How does illicit trafficking shape urban planning?
This session examines the links between illicit flows and urban development, and the challenges they pose for achieving more equitable, accountable planning in today’s cities.
Overview
A DPU Urban Transformation Cluster event
The prevalence of illicit flows and associated criminal activity increasingly challenges planners’ capacity to address their impacts on urban safety and, more broadly, on systems of urban governance. Yet trafficking—and the capital it generates—is deeply intertwined with urban development processes across diverse contexts. This influence ranges from the laundering of illicit capital through real‑estate markets and large‑scale infrastructure projects, to the formation of criminalised “parallel states” in which organised groups regulate, manage, and at times monopolise urban services and governance functions. This fifth session in our Urban Planning and Violence series seeks to unpack the complex relationship between illicit flows and urban development, and to explore the challenges they pose for advancing more equitable and accountable forms of development planning in contemporary cities.
Speakers:
Gabriel Feltran is a Research Professor CNRS at the Centre for European Studies and Comparative Politics, Sciences Po, Paris. He has authored and edited several books and articles, including « Stolen Cars: A Journey through São Paulo’s Urban Conflict » (Wiley SUSC series, 2022); « The Entangled City: Crime as Urban Fabric in São Paulo » (Manchester University Press, 2020), and the documentary series « PCC: The Secret Power » (HBOMax, 2022), adapted from his book in Portuguese (« Irmãos: uma história do PCC », 2018). His newest article is entitled A Criminal Platform for the Cocaine Trade: Governance Mechanisms Changing the Balance of Power in a Transcontinental Value Chain (European Journal of Sociology, 2025). Title of the Presentation: “Cocaine, Criminal Governance, and the Coproduction of Urban Spaces” Since 2016, expanding cocaine flows have transformed the scale of Latin American and European illicit markets. Billions of euros are laundered across urban economies, from real estate to infrastructure. Drawing on extensive fieldwork, this talk examines how criminal governance shapes the co-production of cities through (il)licit value chains.
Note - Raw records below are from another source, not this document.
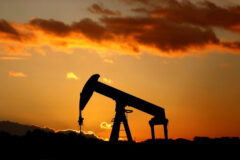 قیمت نفت در بازارهای جهانی از ۱۲۰ دلار گذشت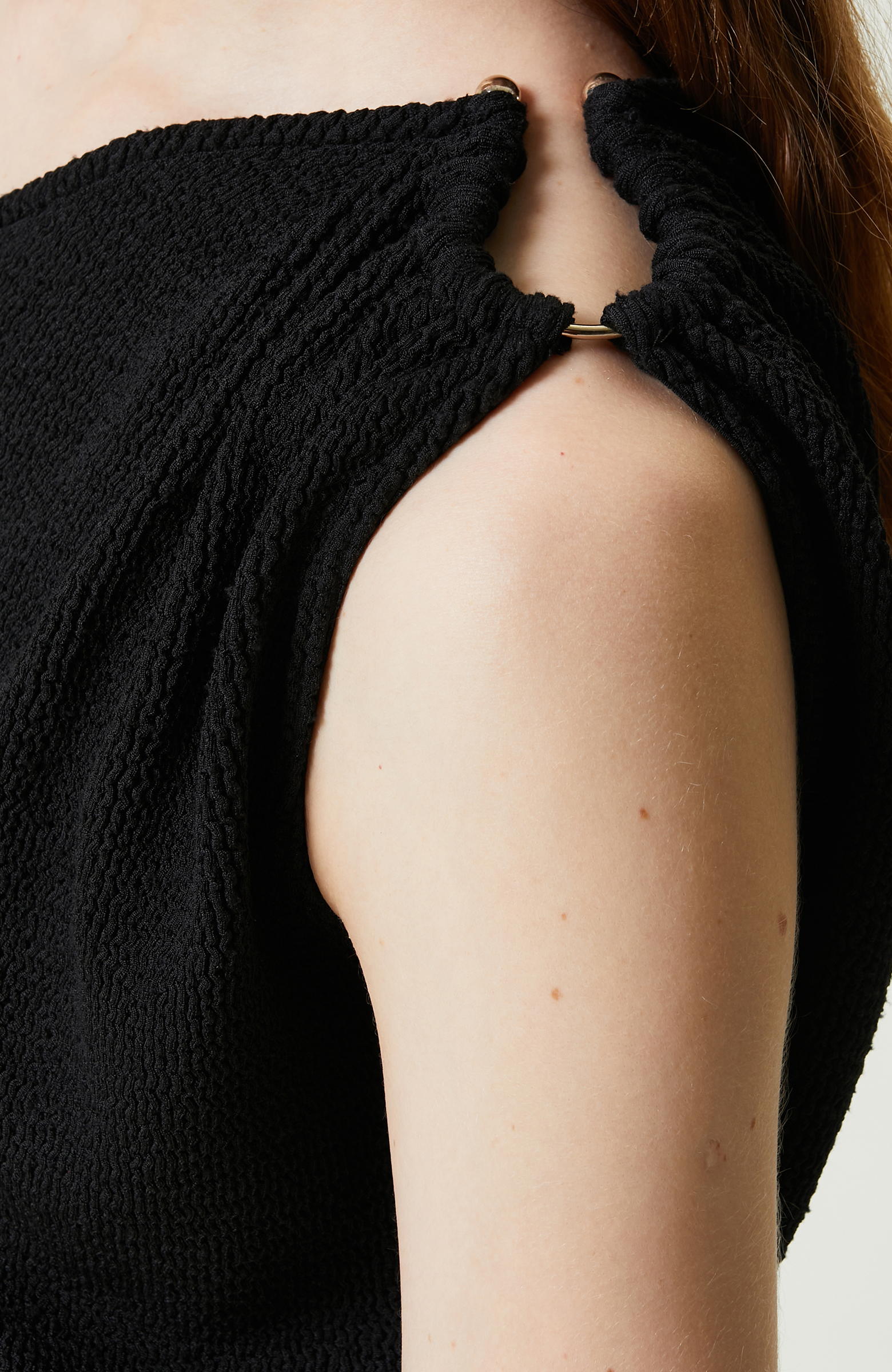 Siyah Kolsuz Tek Omuz Bluz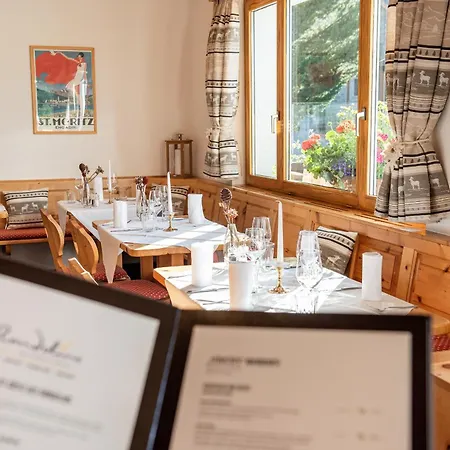 By Randolins アパート *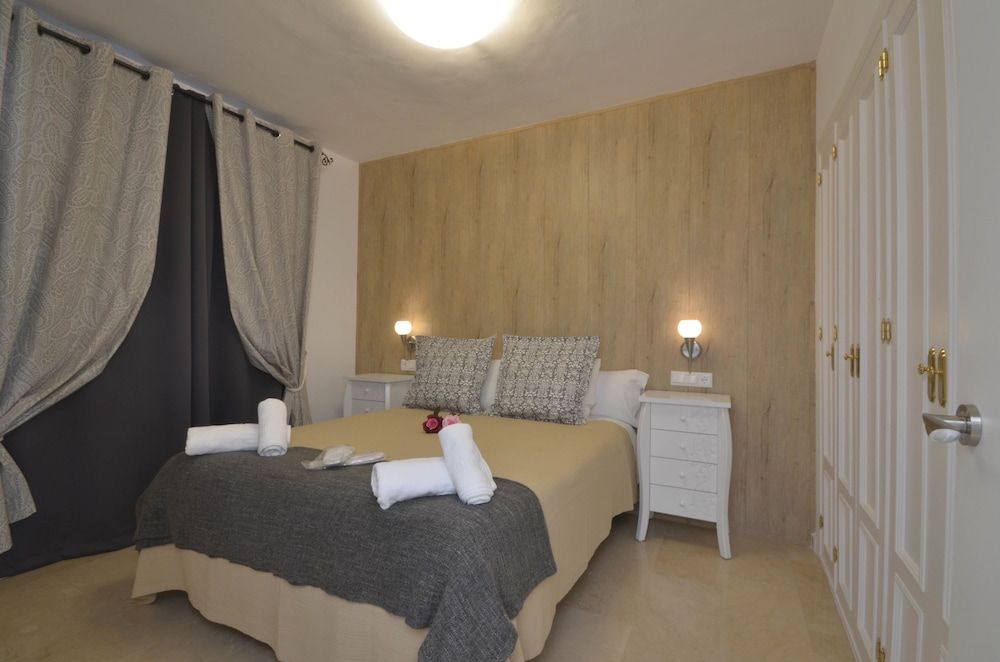 House, 1 Bedroom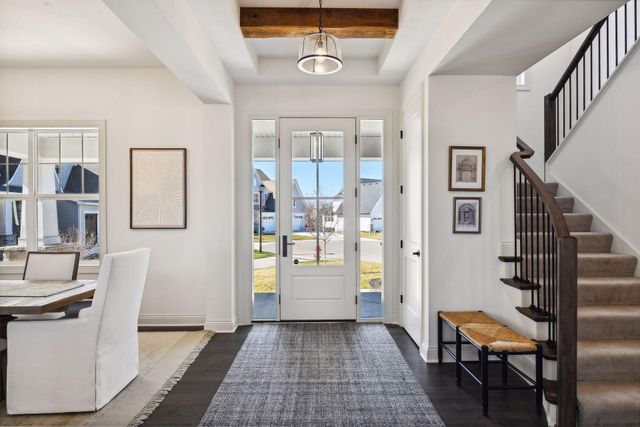 1886 Della Drive, Chanhassen, MN 55317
Rowland Atkinson (University of Sheffield) is Chair in Inclusive Societies at the University of Sheffield. Rowland is an urban sociologist whose work focuses on the consequences for cities of social divisions. These interests have generated work on displacement from gentrification, social exclusion and housing policy interventions, and the rise of gated communities. Most recently, his work has focused on the impact of wealth and the wealthy on urban life. Title of the presentation: Dark City as Violence Accelerator: The Role of Urban Property and Money Laundering in Social Harm.